Well it’s definitely Autumn, the leaves are falling, there’s a chill in the air and I’ve had to dig out my wellies due to all the rain!  Saying that we’ve had a few lovely bright Autumn days here in Lancaster which I’ve made the most of by taking the pooch out and about on some epic walks.  Last Sunday myself, my other half Steve and Frank the dog had a wander across the fields near our house and down the cycle track that connects Lancaster to Glasson Dock.  While we were wandering I spotted a woman walking towards us with a carrier bag full of blackberries and on closer inspection discovered that the entire side of the cycle track was covered with blackberry bushes, so I set about collecting as many blackberries as I could.  This, let me tell you, took a lot longer than I thought and there was a fair few moans from the other half that we wouldn't be back in time for the Grand Prix.  After about half an hour I ended up with about half a bag full which when I weighed them later worked out at about 400g.

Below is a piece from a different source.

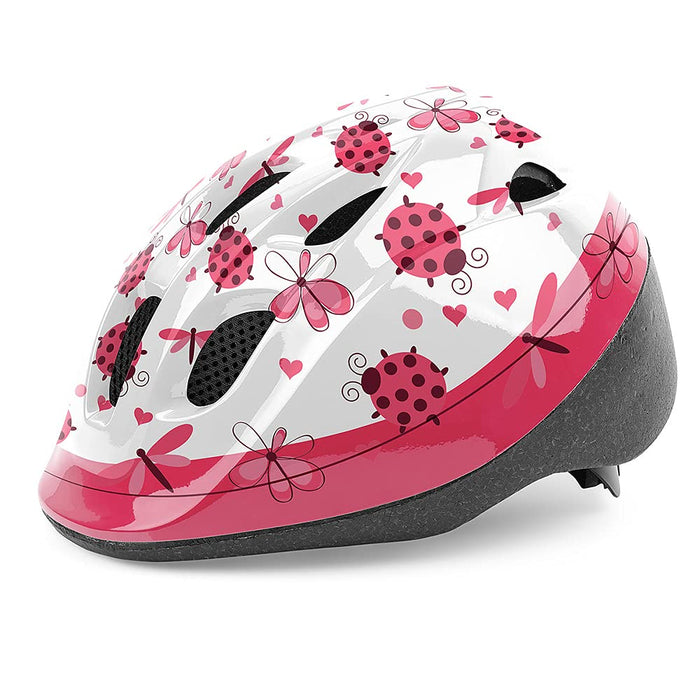 HEADGY LADYBIRD Bicycle helmet for kids - pink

So what to do with my blackberry bounty?  Well as it was a Sunday and I knew most of my family would be partaking of a Sunday lunch I thought I’d make them some pudding and settled on the fairly easy to make Blackberry and Apple Crumble.  Here's the recipe:


Clare's Impromptu Blackberry and Apple Crumble

Serves 4 very generous portions!

Ingredients

Crumble Topping

150g butter
100g caster sugar
100g brown sugar
200g plain flour

Fruit Filling

3 tbsp butter
2 Bramley apples, peeled and chopped
150g caster sugar
400g blackberries

First off a word of advice.  Once you get your blackberries home don’t put them down anywhere!  I put mine on our pine dining table while I was de-layering only to find that even in a plastic bag they somehow managed to leak through and leave a big stain!  So stick them in a bowl straight away.
Then pre heat the oven to 180°C and clean the blackberries ensuring they’re all de-husked. 
This can take a bit of time as you really do need to check each one.  Also watch out for creepy crawlies.  I found a spider skulking about in mine (cue lots of shrieking and calling for Steve to get rid of it!)  Once washed sprinkle over a tablespoon of caster sugar, stir in and put to one side.
Now onto the topping.  Stick all of the ingredients into a bowl and rub together.  You can do this in a food processor but its just as easy to mix it with your hands and less washing up!  When rubbed in it should be the consistency of breadcrumbs.  If it’s too dry add a bit of butter, if too wet and a bit pastry like add some more flour.
Once the topping is sorted move onto the filling.  Peel and cut up the apples and place in a pan with the butter and remaining sugar.  Heat up and leave to cook for 5 minutes until the apple has started to go soft.  Then add the blackberries and cook for a further 2 minutes.
Once cooked add the fruit filling mixture to an oven proof dish and smooth it over so it’s even.  You can use a large dish or for more petit, dinner party-esque presentation you could use individual ramekins. 
Add the crumble mixture on top making sure you put on quite a thick layer so that the fruit filling does not bubble up to the surface. 
Then put in the over for 10-15 minutes until the topping looks browned.  Finally dish up with your accompaniment of choice (custard!) and serve.  Cheap, easy, delicious and perfect for a cosy night in after a big roast dinner!  Big smiles all round from my family.